• ENTRIES SUPPLIED
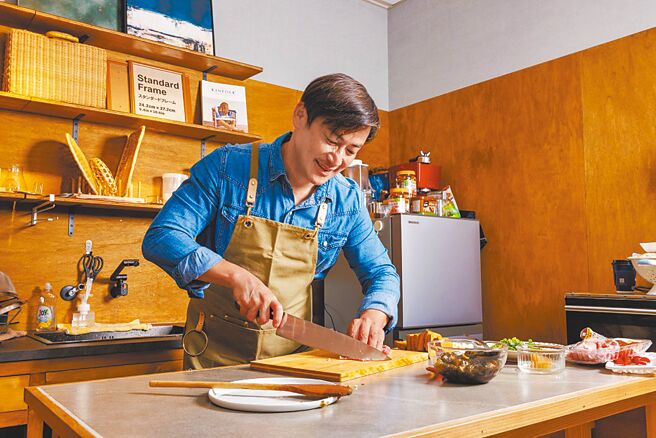 全聯料理誌名人廚房單元，首次由江宏恩擔任首發。（全聯提供）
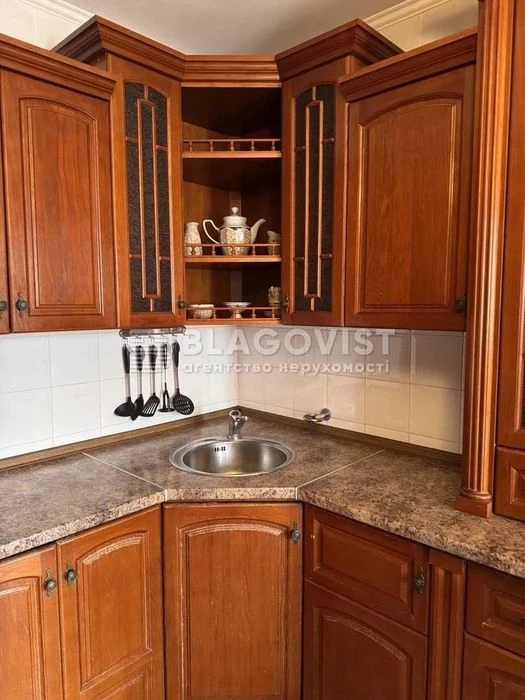 Продаж 2к квартири з ремонтом 82кв.м метро Позняки вулиця Гм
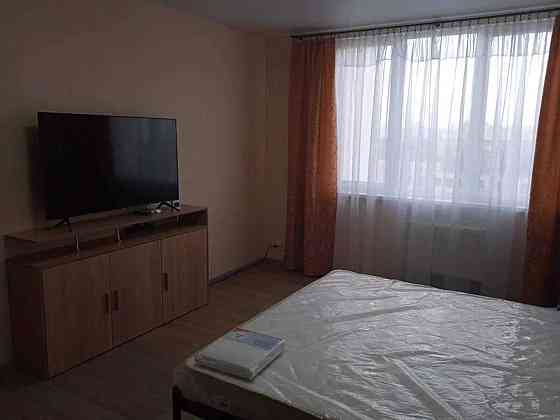 Оренда Квартира 1-кімнатна, 10/17 поверх на Харьковское шоссе, 15а Kiev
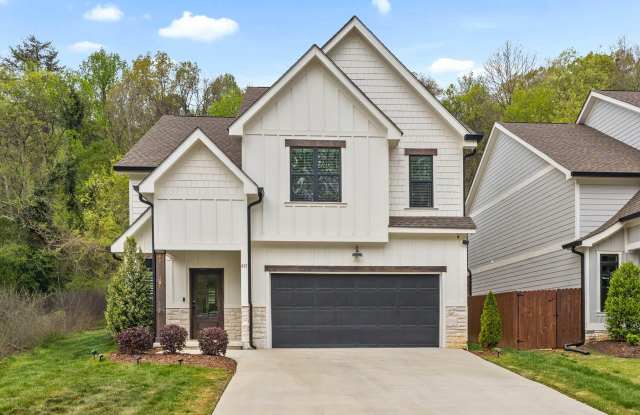 637 Lullwater Road Gallery 3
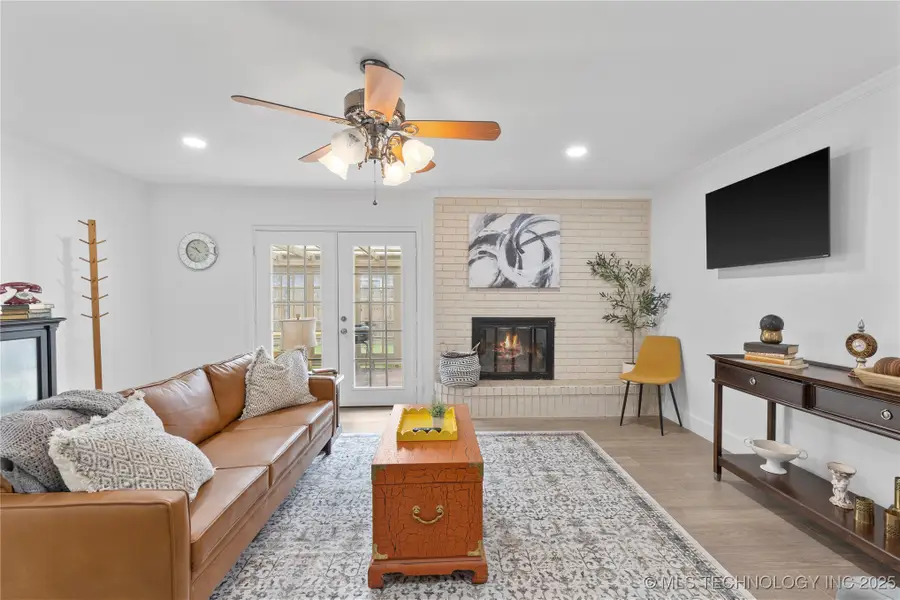 502 E D Street, Jenks, OK 74037 - #2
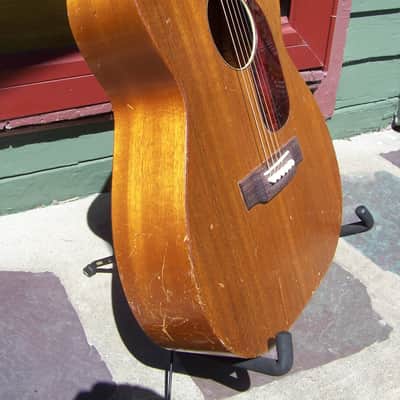Harmony H165 mahogany 000 size guitar w/hsc 1960s image 5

• TASK DESCRIPTION
Exact copy required, pictures excluded: the lines from the one holding "Оренда Квартира 1-кімнатна, 10/17" through the last line of the data, both ends included.

• RESPONSE TO THE EXERCISE
 Оренда Квартира 1-кімнатна, 10/17 поверх на Харьковское шоссе, 15а Kiev
 637 Lullwater Road Gallery 3
 502 E D Street, Jenks, OK 74037 - #2
Harmony H165 mahogany 000 size guitar w/hsc 1960s image 5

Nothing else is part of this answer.